It is the new year and it is the time for resolutions and forecasting lists. I do not know what it is about lists, but for some reason my likelihood of reading something drastically increases if it is presented in list form! Information presented in a list instantly becomes more interesting and credible.
Now admit it, you are subject to it too. You know that "the 10 facts about Trump he does not want you to know" article suckered you into reading it! Only to find out it did not contain commentary on the picture that compelled you to start clicking on it in the first place. That is ok, you are in good company because we all do it from time to time.
There are actually a number of psychological reasons that compel you to read it. List-style headlines often provide that optimal balance of information and ambivalence, intriguing you just enough to click, on the chance that you will come across something particularly relevant or exciting, according to physiologist Maria Konnikova.
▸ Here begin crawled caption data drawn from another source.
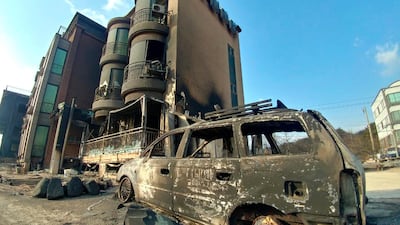 A burnt vehicle sits after being hit by a massive forest fire. Yonhap / AP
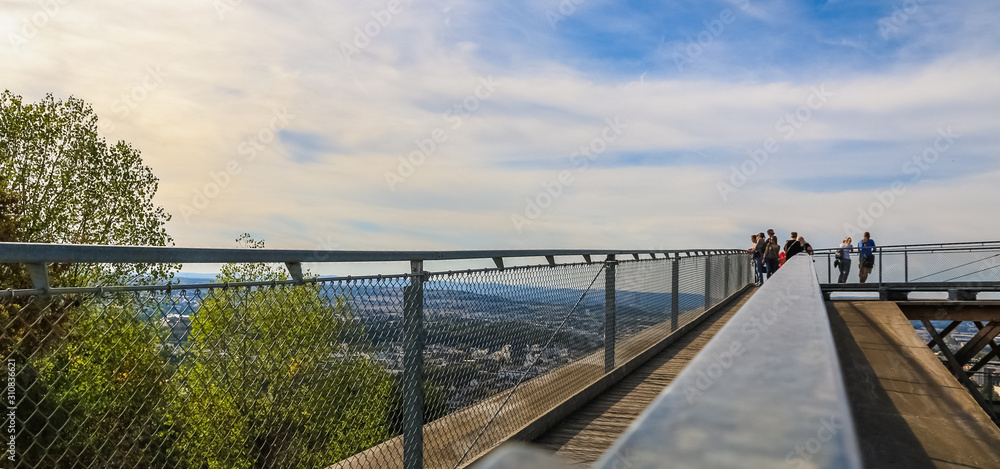 Fototapeta premium Panoramic view along the handrail of the wooden Rhine viewing platform at the peak of the hill next to the Ehrenbreitstein Fortress in Koblenz, Germany on a nice autumn day with a blue sky.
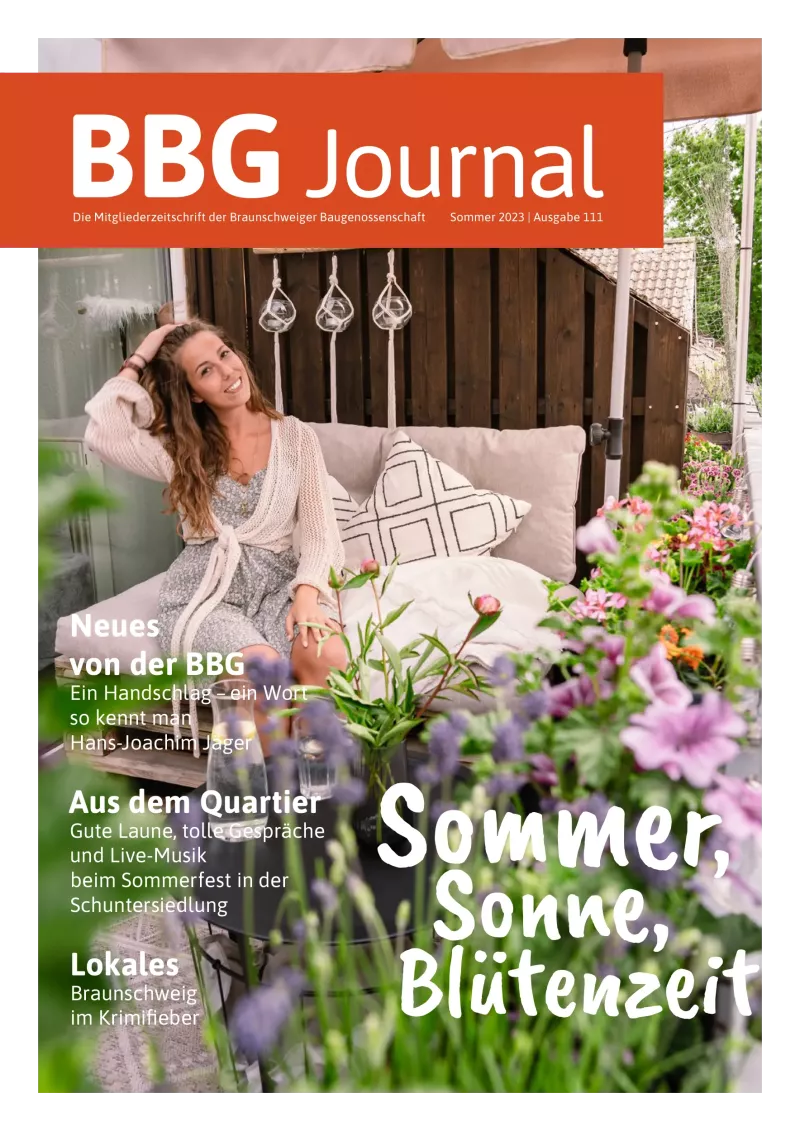 Eine lächelnde Frau in einem weißen Kleid sitzt auf einem gemütlichen Sofa im Freien, umgeben von Kissen und Pflanzen, mit einem Text-Overlay aus einer Sommerzeitschrift.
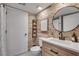 Charming bathroom with exposed brick wall, modern fixtures, and a wood vanity at 2716 Meadow Ridge Nw Dr, Duluth, GA 30096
Do not stop reading, though, the list in this article is different!
Behavioral biases in investment decision-making
Our investment success is undermined by biases to a much larger extent than we probably recognize, let alone are willing to admit. For most money managers there are strict guidelines and investment criteria that place guardrails around how the money is invested. An investment mandate, as it usually is called, is commonplace in virtually all funds and investment houses. Even proprietary traders at banks have restrictions put upon them. An investment mandate is supposed to prevent us from doing stupid things and to keep biases from creeping in and wreaking havoc. Having those constraints is what is attributed to traders having success, where they tend to fail when they trade privately in the absence of defined restrictions. Mandates or no, biases invariably creep in, and in the best case you lose a little money, at worst you lose your livelihood or life in the case of famous speculator Jesse Livermore.
One of the best books on the subject is "Extraordinary Popular Delusions and the Madness of Crowds" by Charles Mackay. It describes some of the most staggering examples that have occurred in history, and it illustrates that the learning curve for human behavior is not very steep. Examples date back to the 1600s when the Tulip mania in Holland reached its peak during the winter of 1636, when some bulbs were reportedly changing hands ten times in a day for prices of over 10 times the equivalent of an artisan's annual wage. No deliveries were ever made to fulfil any of these contracts because the tulip bulb contract prices collapsed abruptly and trade came to a halt. The collapse was reportedly triggered when a sailor at a tavern - oblivious to the fact that it was a tulip trading hub - cut into a priceless tulip mistaking it for an onion. It was the unpredictable ah-ha moment that burst the bubble. Just imagine that mania, a tulip trading at the equivalent of 4 Tesla model S cars (assuming average skilled worker of $36k and $90k model S)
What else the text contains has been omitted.